# First sourdough ever.



## CFLJOHN512 (Jun 26, 2020)

Let me start by saying NEVER use bleached flour to make a starter.   I attempted to use it for two weeks and all I got was what I can describe as flour vomit.   The worst smell I’ve ever dealt with in the kitchen.   
I switched over to unbleached AP flour and after 10 days I made my first loaf.  It is a long process that takes patience and learning the technique for the pinch and fold numerous times.   However, the end result is waaaaaay worth it!


----------



## Brokenhandle (Jun 26, 2020)

Looks good! Think I would eat the center first and use the outer crust for a big bowl of soup. 

Ryan


----------



## sandyut (Jun 26, 2020)

WOW looks great!  soon as I have my kitchen back I am going all in on the sourdough.  hope it looks as good as yours!


----------



## BrianGSDTexoma (Jun 26, 2020)

Great job.  Feels good when you get it right.  There is learning curve with sourdough.  Just got to find out what works for you.  Just changing brands of flour can make a big difference.


----------



## noboundaries (Jun 26, 2020)

Fantastic looking loaf!
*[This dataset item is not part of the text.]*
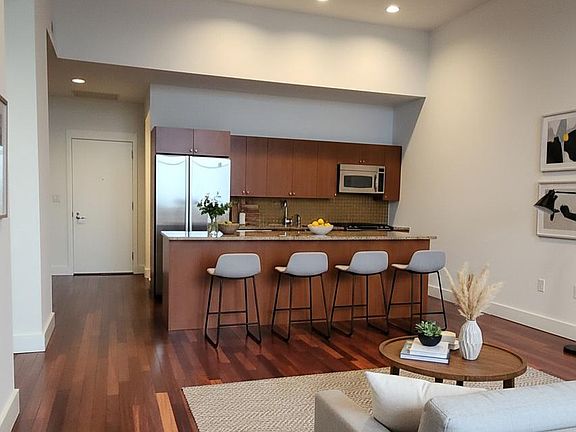 2nd image of 1101 Locust St #4C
BIG LIKE!

I do love sourdough, but don't think I've got the patience to make the starter and keep it going. I do rustic Italian biga bread, which is a 1-7 day fermented dough that has a slightly sharp taste, just not as sharp as sourdough.


----------



## oldsmokerdude (Jun 27, 2020)

That's a mighty fine looking loaf, especially for you first try. Great job. 



CFLJOHN512 said:


> NEVER use bleached flour to make a starter



I would amend that to say NEVER use bleached flour for anything, but i suppose it has it's purpose in dainty cakes and such.


----------